● Task instructions: If a line in the entries below includes "Prada", show that line.

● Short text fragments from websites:
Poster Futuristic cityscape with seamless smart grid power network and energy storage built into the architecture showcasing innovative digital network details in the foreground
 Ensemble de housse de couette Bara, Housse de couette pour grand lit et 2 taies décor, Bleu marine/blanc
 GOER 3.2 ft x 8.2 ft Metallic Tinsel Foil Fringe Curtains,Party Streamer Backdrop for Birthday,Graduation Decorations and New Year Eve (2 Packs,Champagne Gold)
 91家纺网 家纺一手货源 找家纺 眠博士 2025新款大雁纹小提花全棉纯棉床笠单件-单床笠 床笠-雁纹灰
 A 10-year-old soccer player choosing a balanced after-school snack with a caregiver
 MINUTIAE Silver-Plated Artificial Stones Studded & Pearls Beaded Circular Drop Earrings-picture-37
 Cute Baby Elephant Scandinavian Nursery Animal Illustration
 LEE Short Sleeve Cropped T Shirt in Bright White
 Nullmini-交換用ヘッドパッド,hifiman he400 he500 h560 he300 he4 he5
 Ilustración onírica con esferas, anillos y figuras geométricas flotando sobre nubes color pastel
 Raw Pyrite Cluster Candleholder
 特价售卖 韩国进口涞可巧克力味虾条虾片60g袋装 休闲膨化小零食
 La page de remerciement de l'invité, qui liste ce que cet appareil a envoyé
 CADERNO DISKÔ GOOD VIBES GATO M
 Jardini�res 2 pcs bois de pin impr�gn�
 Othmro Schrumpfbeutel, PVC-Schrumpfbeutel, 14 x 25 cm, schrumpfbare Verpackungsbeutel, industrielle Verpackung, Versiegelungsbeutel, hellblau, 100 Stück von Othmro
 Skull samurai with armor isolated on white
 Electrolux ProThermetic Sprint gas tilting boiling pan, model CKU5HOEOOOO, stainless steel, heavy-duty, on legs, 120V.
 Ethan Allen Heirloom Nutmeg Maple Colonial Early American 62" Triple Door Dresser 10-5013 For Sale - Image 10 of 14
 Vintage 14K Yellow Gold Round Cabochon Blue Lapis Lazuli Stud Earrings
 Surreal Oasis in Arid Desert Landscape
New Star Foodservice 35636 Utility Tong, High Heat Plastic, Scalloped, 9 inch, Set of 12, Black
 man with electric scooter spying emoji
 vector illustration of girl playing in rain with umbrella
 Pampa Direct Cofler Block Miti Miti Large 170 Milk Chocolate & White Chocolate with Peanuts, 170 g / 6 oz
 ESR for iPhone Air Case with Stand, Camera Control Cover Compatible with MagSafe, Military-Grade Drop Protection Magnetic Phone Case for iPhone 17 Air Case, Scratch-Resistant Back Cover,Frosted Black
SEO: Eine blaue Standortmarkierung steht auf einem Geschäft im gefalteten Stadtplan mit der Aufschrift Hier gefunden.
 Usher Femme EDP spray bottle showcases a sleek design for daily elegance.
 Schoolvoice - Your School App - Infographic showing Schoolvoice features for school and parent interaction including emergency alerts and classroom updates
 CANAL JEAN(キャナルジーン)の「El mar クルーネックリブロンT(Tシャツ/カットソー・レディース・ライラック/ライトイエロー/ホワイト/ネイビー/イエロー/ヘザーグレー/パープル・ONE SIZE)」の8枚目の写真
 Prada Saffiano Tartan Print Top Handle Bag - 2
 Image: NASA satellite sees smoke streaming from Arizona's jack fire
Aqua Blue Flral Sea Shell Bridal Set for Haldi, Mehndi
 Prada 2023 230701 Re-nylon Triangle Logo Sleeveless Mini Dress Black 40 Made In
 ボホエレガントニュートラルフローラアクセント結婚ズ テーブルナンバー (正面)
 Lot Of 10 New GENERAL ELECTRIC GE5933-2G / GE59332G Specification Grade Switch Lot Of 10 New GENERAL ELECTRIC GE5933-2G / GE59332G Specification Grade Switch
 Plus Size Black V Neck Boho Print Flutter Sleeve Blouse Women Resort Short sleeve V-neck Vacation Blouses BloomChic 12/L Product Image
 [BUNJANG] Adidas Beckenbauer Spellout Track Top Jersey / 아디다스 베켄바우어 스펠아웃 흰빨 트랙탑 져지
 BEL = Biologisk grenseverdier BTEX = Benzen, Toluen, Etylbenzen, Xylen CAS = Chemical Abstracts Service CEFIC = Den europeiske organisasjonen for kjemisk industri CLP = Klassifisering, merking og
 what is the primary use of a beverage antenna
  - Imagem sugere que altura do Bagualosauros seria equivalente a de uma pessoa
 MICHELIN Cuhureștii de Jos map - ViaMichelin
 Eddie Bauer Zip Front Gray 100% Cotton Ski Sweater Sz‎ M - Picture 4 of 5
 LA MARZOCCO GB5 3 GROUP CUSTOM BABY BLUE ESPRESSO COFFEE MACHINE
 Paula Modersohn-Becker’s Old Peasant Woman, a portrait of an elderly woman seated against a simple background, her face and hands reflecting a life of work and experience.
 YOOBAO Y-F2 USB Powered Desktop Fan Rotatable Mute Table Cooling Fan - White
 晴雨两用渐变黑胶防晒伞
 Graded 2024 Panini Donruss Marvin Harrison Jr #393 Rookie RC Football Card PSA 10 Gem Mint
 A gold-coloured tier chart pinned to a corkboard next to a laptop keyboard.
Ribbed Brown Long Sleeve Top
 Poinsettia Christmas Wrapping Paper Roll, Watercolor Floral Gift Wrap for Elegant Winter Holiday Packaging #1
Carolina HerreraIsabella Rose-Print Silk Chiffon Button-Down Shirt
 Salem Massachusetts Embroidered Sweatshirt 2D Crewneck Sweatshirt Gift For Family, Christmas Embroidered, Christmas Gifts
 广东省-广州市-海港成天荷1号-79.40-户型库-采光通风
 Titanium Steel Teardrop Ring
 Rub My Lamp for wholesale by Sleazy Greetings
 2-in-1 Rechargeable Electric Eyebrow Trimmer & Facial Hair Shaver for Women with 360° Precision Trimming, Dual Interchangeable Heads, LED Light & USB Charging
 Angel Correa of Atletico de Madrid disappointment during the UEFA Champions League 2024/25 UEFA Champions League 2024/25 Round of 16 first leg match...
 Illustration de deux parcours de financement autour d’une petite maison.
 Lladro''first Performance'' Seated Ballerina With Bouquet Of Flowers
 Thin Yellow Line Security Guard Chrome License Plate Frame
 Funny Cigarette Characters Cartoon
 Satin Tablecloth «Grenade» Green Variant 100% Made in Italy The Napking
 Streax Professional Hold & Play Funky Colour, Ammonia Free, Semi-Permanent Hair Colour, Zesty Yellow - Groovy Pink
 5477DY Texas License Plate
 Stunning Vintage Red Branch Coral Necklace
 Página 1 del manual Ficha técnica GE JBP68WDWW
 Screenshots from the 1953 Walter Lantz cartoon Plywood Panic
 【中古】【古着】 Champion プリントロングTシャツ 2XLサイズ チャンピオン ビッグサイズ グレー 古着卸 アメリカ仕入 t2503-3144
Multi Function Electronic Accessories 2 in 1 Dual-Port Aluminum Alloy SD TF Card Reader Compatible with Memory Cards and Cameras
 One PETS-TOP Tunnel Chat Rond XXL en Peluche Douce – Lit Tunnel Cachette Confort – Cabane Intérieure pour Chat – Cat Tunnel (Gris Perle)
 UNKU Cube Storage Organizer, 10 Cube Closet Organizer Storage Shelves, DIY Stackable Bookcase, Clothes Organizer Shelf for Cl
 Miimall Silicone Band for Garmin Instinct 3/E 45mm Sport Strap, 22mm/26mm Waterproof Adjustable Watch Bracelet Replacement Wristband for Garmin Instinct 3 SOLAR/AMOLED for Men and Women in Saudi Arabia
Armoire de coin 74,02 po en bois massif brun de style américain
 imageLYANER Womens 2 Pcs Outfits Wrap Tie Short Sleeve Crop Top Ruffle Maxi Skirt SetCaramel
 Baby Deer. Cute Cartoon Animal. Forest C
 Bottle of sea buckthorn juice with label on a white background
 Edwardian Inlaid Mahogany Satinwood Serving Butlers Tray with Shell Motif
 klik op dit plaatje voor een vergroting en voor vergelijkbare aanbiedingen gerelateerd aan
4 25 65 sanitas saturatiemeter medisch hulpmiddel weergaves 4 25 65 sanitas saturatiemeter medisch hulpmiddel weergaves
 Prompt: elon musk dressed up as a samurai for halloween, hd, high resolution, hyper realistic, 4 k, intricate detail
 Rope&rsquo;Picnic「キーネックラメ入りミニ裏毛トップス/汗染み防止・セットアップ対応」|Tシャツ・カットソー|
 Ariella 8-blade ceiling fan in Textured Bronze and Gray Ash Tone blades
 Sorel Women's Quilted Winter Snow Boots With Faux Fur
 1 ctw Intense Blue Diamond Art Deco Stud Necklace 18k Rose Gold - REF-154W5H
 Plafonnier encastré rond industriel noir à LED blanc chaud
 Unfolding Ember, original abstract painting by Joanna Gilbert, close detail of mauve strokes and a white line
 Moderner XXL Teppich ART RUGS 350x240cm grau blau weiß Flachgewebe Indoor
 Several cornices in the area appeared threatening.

● Task result:
 Prada Saffiano Tartan Print Top Handle Bag - 2
 Prada 2023 230701 Re-nylon Triangle Logo Sleeveless Mini Dress Black 40 Made In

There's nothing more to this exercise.